When you fast, your only options for beverages are water, unsweetened iced tea, black coffee, or seltzer. Avoid adding milk to black coffee for best results to avoid bloating. More so, try to limit your seltzer consumption. (Seltzer is water mixed with carbon dioxide. Carbonation can result from adding minerals to boost natural CO2; alternatively, it's been infused with added CO2.)
Drink water. Drink plenty of water as fluids are important in flushing toxins from your body. It is recommended that you drink at least 8 cups of water each day to stay healthy and hydrated.
Consider cutting sugar entirely and avoiding sugary products that produce a lot of waste, such as juices, for instance. A glass of alcohol now and then is okay but not in excessive amounts.
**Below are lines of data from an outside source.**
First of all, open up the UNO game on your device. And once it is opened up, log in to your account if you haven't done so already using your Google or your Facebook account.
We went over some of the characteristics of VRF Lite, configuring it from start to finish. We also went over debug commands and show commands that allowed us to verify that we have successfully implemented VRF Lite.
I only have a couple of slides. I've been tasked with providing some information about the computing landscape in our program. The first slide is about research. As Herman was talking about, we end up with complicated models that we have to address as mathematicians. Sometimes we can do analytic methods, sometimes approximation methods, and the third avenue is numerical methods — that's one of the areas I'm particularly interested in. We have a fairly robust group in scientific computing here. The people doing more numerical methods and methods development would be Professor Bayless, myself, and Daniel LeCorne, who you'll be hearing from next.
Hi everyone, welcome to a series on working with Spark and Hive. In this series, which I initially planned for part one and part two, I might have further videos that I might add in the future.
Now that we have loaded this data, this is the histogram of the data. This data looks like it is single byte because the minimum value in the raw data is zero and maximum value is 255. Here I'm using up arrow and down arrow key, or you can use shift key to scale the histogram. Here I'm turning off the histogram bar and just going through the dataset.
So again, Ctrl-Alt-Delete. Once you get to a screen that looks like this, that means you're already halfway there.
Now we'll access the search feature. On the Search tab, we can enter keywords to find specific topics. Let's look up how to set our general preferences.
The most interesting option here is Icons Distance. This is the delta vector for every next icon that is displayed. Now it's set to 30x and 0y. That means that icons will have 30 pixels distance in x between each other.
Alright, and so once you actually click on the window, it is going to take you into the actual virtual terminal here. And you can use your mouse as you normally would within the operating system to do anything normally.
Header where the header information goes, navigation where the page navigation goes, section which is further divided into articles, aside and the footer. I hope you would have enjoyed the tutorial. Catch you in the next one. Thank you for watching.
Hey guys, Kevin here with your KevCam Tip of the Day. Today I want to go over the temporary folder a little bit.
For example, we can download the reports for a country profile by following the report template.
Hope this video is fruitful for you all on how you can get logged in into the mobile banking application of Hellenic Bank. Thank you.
Did you break a day? That’s fine. We try the next day again.
Whether or not it’s for religious purposes, observing fasting in your routine is a great way to boost your health system apart from having nutritious diets. Fasting is a practice that can benefit many aspects of one's health, including weight loss, improved brain activity, and blood sugar control.
At the onset, like adapting to any other major lifestyle, it will not be as easy but with it, the body gradually adjusts and it gets easier progressively.
Whether it's OMAD or alternate-day fasting you ought to give fasting a shot to reap the benefits discussed above. If in doubt, it’s good to consult with your doctor.